They trust what they know and what they can see. Unfortunately, this lack of attention and investment in digital security has a direct correlation to the drastic increase in cyber hacks and data breaches.
To put it into laymen terms, CEOs and boards have spent a lot of time and money enticing customers in the front door and making sure the front end of the business works efficiently, all the while leaving the back door wide open for criminals to come in and take what they want.
This was the exact situation Target found itself in back in 2013, when a data breach exposed payment information for 40 million customers. The business decided to have ‘ad-hoc operational cyber security services under a strict contract budget’ only.
During a breach, hackers uploaded malware disguised as existing data centre products. While malware detection software caught each of the uploads and escalated the warning alerts, there was no one within the Target business tasked with reacting to the notifications.
It took Target 16 days to respond and eradicate the malware attack, by which time the hackers had gained access to 40 million credit cards and personal information for a further 70 million customers.
There are a couple of things of particular interest in this case. Firstly, the breach came through a third-party supplier with an external network connection – a small heating and air conditioning company that worked with Target.
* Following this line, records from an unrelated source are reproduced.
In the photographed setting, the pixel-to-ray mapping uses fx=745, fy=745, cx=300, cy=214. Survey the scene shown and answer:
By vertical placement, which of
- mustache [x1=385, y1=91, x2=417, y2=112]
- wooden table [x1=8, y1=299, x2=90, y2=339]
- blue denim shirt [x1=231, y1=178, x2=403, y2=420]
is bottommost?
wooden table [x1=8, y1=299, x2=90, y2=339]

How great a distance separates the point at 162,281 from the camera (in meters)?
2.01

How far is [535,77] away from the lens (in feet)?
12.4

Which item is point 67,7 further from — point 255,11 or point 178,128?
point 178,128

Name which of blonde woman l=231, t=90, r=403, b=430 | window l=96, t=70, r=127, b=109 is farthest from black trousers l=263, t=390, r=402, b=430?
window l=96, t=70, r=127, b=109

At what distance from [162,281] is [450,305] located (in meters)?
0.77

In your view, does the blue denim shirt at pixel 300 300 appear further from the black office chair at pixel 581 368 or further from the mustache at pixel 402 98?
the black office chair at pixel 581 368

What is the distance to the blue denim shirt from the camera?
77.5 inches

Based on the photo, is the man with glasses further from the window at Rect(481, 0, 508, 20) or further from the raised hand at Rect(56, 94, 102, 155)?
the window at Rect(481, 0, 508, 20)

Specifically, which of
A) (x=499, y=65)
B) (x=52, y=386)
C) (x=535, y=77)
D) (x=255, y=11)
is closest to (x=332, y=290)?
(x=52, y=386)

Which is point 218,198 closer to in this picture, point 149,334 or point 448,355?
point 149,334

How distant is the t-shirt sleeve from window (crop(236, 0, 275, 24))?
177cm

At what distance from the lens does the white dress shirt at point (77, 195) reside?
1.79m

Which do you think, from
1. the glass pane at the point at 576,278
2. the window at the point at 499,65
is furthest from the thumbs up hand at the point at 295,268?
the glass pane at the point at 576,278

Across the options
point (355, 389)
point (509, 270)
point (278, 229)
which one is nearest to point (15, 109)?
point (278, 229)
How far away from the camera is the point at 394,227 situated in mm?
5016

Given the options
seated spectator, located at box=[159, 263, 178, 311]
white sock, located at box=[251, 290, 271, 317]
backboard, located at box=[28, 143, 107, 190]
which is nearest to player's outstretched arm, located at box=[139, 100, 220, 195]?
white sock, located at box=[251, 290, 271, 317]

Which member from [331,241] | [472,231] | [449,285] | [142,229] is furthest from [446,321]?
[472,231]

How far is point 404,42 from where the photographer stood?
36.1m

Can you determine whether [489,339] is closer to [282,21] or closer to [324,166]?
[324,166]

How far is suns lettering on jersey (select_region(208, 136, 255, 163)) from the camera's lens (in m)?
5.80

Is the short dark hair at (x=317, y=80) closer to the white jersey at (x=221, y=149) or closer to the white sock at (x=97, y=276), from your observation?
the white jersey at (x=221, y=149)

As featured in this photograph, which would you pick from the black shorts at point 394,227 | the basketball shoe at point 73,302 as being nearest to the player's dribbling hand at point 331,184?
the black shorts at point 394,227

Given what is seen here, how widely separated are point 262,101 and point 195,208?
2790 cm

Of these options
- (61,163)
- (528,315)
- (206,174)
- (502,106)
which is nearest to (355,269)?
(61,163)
The malware hack was delivered to them via email.
Secondly, Target had outsourced the vast majority of its security as a managed service to third parties. These companies warned Target of the attack but the lines of authority and responsibility were blurred, confusing Target’s ability to respond.
Forgive the pun, but Target made itself an ‘easy target’. Its decision to save at the front end on digital security resulted in over 90 lawsuits and a legal spend of US$61 million to date. Not exactly a smart saving.
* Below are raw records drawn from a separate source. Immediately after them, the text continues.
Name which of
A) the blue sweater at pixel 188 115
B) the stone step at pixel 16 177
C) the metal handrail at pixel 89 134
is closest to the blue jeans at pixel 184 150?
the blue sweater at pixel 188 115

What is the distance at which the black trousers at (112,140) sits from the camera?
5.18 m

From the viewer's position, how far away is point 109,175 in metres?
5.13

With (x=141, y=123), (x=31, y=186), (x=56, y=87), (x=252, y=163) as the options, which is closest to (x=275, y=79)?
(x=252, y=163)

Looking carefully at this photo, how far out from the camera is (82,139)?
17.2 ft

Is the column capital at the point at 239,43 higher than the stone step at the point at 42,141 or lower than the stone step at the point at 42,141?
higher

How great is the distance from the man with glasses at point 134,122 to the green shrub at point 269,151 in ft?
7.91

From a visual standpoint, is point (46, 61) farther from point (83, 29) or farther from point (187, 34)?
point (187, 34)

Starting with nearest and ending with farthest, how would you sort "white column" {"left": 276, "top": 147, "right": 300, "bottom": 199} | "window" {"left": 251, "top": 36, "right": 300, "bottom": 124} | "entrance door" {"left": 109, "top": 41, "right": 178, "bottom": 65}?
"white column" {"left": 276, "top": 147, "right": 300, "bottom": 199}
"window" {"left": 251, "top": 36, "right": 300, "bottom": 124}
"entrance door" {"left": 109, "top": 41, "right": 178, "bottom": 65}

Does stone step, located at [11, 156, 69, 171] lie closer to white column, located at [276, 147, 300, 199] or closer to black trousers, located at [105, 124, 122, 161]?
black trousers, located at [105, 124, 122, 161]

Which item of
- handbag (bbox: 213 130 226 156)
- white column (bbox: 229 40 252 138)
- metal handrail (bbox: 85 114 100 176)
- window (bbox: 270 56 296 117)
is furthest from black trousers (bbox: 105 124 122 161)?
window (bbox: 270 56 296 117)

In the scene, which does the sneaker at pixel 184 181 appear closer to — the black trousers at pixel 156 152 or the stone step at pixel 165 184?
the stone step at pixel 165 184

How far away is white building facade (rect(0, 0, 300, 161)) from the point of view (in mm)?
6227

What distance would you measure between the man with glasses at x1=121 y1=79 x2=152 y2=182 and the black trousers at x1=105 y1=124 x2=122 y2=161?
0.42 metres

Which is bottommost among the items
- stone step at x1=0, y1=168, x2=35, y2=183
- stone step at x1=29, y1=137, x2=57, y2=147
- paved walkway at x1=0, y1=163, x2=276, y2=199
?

Target is, by no means, alone. In 2015, the Qatar National Bank suffered a data breach that exposed customer passwords, pin numbers, financial transactions and personal information for more than 100,000 customers. An investigation revealed that hackers accessed the system through an SQL injection flaw in the bank’s website. Sony suffered a number of similar attacks through its web portal, compromising tens of thousands of account holders’ personal details.
In all of these examples, the problem arose because the company outsourced the responsibility and control of their information security to third party providers.
Now, by no means am I saying that outsourcing is evil. When used wisely and within fit-for-purpose activities, outsourcing can save companies a great deal of money and give access to skills and advice that cannot always be supplied internally.